Quote Originally Posted by ODB View Post
I tend to try to learn from history and view those lessons as they apply today. Many are in agreement that current force structure/force taskings are misutilizing todays forces. Many think various branchs should grow, the military should grow, and the debate goes on. My number one questions is why do we even do rotations/tours? It is my personal belief that when the order was given we should have gone with everything we own. Not half our force and relay later on units rotating out. If we would have brought the full brunt of our military from the beginning would we be in the situation we are? We would have enough SF to conduct FID/COIN operations, conventional forces to #1. Secure all borders (we can't do that here) nothing in nothing out, 2# Man damn never every city, town, village. We could lock the entire country down. Unfortunately our politicians and society has deemed war a game to be played fairly, humanely, and without true force. How many times did units rotate out of WWII? I remember reading a few years back about guys who were gone for 7 years straight. I look at it like this, we do it the right way over a period of five years straight or do we play this game for 10-15 years.

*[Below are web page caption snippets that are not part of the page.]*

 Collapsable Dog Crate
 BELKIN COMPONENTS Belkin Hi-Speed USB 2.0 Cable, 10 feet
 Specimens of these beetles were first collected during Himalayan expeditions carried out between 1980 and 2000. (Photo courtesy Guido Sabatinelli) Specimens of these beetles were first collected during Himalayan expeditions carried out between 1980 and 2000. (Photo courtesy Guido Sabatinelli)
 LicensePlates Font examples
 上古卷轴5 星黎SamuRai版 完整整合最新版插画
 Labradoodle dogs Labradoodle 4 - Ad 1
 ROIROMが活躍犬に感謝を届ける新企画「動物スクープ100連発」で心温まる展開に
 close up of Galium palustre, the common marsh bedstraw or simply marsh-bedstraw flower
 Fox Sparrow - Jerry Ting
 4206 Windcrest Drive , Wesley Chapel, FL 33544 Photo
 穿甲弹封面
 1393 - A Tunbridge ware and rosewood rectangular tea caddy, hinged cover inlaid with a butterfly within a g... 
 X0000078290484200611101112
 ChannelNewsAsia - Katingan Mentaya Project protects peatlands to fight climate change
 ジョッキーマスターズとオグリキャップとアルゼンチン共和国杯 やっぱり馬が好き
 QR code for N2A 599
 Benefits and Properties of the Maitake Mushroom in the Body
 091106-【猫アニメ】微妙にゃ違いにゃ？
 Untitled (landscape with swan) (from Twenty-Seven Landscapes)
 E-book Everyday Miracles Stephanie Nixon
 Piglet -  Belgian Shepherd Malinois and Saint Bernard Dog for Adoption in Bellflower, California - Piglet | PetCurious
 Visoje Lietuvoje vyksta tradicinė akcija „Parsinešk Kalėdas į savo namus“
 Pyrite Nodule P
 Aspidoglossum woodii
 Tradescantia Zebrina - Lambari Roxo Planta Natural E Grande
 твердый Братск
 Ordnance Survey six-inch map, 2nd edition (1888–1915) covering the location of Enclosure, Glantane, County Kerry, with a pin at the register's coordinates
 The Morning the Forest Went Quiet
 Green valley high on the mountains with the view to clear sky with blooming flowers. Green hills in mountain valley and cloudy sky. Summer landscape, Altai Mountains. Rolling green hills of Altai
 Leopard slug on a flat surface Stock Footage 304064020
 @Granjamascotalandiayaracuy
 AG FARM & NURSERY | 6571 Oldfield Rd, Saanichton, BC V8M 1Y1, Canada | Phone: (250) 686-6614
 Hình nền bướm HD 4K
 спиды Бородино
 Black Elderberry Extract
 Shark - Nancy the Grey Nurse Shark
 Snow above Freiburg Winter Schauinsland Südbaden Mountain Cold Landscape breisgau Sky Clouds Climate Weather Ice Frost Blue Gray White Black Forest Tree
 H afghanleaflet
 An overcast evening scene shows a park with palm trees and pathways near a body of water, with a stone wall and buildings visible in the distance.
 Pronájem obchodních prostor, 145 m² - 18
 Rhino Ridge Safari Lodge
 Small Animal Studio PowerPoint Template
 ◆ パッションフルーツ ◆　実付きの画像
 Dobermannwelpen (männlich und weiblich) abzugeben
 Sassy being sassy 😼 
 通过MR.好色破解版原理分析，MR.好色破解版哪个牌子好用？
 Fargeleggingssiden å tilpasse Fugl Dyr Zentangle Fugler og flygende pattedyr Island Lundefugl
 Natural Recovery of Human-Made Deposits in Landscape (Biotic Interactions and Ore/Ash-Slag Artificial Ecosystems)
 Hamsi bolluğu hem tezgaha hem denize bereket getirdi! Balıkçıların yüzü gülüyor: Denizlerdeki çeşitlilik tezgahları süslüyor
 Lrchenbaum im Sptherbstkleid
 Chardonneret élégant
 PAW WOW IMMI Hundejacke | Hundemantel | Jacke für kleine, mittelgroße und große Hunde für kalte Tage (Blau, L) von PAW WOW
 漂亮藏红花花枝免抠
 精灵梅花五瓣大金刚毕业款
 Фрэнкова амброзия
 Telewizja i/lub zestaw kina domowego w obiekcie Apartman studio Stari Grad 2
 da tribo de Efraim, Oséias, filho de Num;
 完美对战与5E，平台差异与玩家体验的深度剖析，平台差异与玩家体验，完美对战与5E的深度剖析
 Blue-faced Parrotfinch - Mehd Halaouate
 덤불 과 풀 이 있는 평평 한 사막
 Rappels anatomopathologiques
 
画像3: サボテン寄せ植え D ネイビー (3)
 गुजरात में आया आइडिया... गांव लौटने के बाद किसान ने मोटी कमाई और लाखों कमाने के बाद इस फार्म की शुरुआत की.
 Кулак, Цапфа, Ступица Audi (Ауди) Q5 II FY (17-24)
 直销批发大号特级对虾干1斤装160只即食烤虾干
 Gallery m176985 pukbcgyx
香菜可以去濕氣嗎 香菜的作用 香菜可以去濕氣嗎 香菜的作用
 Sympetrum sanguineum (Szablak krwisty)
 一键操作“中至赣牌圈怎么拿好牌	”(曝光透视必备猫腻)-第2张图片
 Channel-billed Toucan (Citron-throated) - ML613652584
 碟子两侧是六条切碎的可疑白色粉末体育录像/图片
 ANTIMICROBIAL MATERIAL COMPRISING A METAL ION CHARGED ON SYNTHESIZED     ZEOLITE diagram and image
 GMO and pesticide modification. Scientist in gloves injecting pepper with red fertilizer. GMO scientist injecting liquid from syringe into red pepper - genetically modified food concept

Don't remember who posted about the SF growth and subsequent postings. Problem is the Army's inate ability to manage personnel. They knew for years close to 50% of SF would be retirement eligable over a 5 year period, guess what they did just that retired and went elsewhere. So the Army says hey 20 years ago we brought guys off the streets straight into SF it worked then why not now. Problem is that huge 50% of retirees. 20 years ago a few sprinkled inexperienced guys could be trained, mentored, and developed by seniors without a ripple effect throughout the force. Not mention these college educated, 4 years SF experience with multiple tours are ripe for every other agency and private sector jobs out there, how many are stick around? If I'm not mistaken the average age in SF has gone from 32 years to 27years...huge experience and maturity gap.

What all this does is tie into the fact that everyone wants to do everyone elses job. Conventional forces want to do what SF does, guys in SF want to do what Infantry guys do and so on and so on. If everyone stayed within their capabilities and scope of things they would stay busier than ever and we would be leaps and bounds ahead of where we are currently. Yes there are many great individuals throughout the force and many different entities actually conduct joint operations as it should be. Unfortunately for everyone of those there is more not doing this.

Sorry I kinda rambled have a million more thoughts but will spare you those and save them for later.

That's foremost a societal thing. Even in a volunteer service - who is willing to spend his life in the bogs, some desert or jungle, when others of his age have a familiy life, are much more comfortable and prosperous?

Excessive rotations and ratios of 6 or 7 to 1 are certainly undesireable. 4 to 1 I guess should be the goal. But the current armed forces still have a structure that is designed for a full-scale blow-up in case of mobilisation with a very top heavy structure. Also don't forget all the perks and promotions that come with deployments - everybody wants a piece!

And it's also a question of mentality. The warrior spirit, or whatever you might call it. Not doing it as a job, or as duty for the fatherland, but out of a mentality (not necessarily one compatible with civil society). It would also need a vastly different social structure of the forces, a different definition of duty, discipline, ranks. Strategic compression in the extreme, and almost like a religious order. Takes a certain desperado mentality. People who are fed up with society, those who are running away from something - you end with something like the Légion Etrangère. No way to build larger forces on that.

A more realistic way might be foreigners. Promise them U.S. citizenship and an education for X years in the bogs. No need to rotate them. The Byzantine way.